Today AR and VR (virtual reality) are starting to become an almost normal part of everyday. With the pandemic afflicting the world for the last 18+ months, who didn’t want to go for a run on a treadmill that had a screen showing you in a cheery meadow or perhaps a bike ride through some exotic foreign location. Granted those aren’t quite as interactive as things like Pokemon Go but it is a form of AR. That’s where ePlay Digital Inc. (CSE: EPY) and their Klocked offering, which is an augmented reality fitness app and network for races and everyday training, takes things to another level.

The Klocked website proclaims you are “Racing on the Holodeck”, which is a Star Trek reference to a fictional device that uses holograms to create a realistic 3D simulation of a real or imaginary settings, in which participants can freely interact with the environment. The App, using the Augmented Reality Sports Network, tracks your fitness activity using GPS and in real-time visualizes everyday training and racing utilizing advanced 3D augmented reality technology. Artificial Intelligence (AI) provides real-time feedback regarding race placement, personal best progress, and fitness enhancements. Klocked allows spectators and fans to live stream or view on-demand the world’s biggest marathons and races from thousands of Klocked virtual cameras.​ In other words, you can be running around your neighbourhood but your family can watch you competing in the NYC Marathon (or whatever event you want to be in). In your earbuds, you are hearing the cheering fans and the occasional motivational encouragement as well as progress updates. Runners can customize their avatars, share their runs, upload to Strava, and run under the Eiffel Tower or by the London Eye.

Klocked is one of the latest ePlay contributions to the Apple App store and the Google Play Store. The Company has been gaining traction with its suite of offerings from Howie’s games, game titles featuring Howie Mandel, to their flagship title Robert Horry’s Big Shot Basketball where Pokemon Go meets NBA. In fact, for the week ending July 12th ePlay announced that it took 100 days to reach 100,000 downloads and 107 days to reach 125,000 downloads. This acceleration in downloads was being led by their new (at the time) Android title Big Swish, a mini basketball game with a twist but we’ll get to that in a moment.

At present, the Company, as a mobile game creator and publisher specializing in sports, Esports and entertainment augmented reality titles, has the following games available:

However, the value proposition is how best to monetize these games. You can find dozens of publicly traded gaming companies, some of whom get millions or even billions of views. But the trick is converting views or downloads into ARPU or ARPDAU (industry jargon for Average Revenue per User or Daily Active User). ePlay has a slightly different approach to the mobile gaming business with their evolution towards the betting and gambling angle. Big Swish allows you to show off your basketball shooting Skillz and play for real cash with Swish Real Money Gaming.

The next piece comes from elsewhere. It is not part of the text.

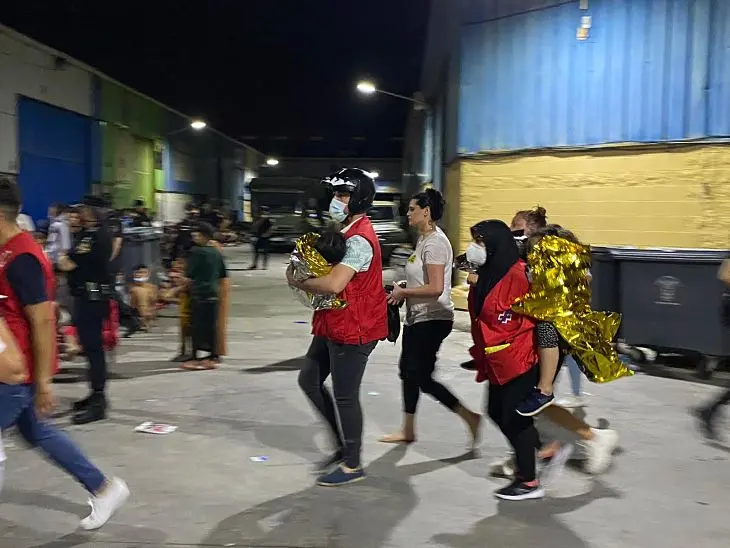 Mujeres llegan a refugios en Ceuta. / @CEARefugio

You can challenge people around the world to a shoot-out, with a competition platform complete with leaderboards, trophies, cash or virtual currency prizes.

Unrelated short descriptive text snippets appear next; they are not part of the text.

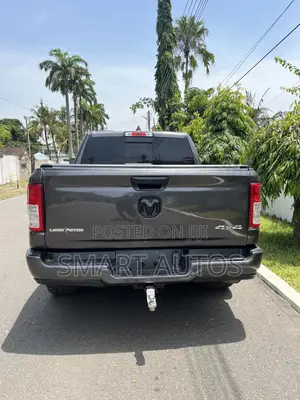 RAM 1500 Lone Star Crew Cab 6.3 ft SB 2023 Gray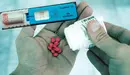 El test positivo de droga de un conductor en Peralta sobre una imagen de una persona con un bote de pastillas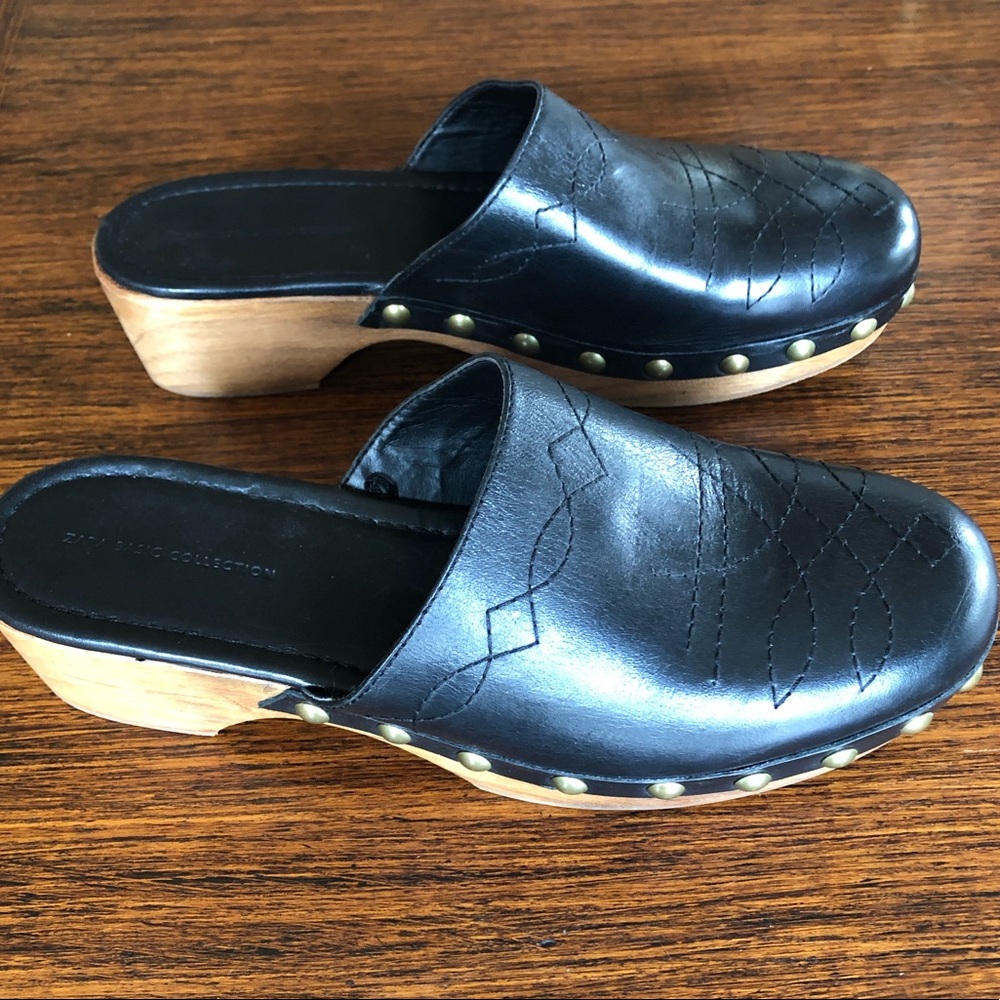 Zara Basic Collection black clogs.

This evolution continues with the next progression in this strategy, the Fan Freak App. The passing of Bill C-218 by the Canadian Senate grants the legalization of betting on individual sports events in Canada. The Fan Freak App allows users to play daily fantasy, pick sheet, and streak games with NFL, NHL, MLB, NBA, and more. But the next level comes from Fan Freak also being interoperable within ePlay’s sports metaverse. In other words, you can potentially start betting on different players within ePlay’s suite of game offerings. Could this be the opening of Pandora’s box? Maybe. But it also could be a huge, and unique, revenue generator.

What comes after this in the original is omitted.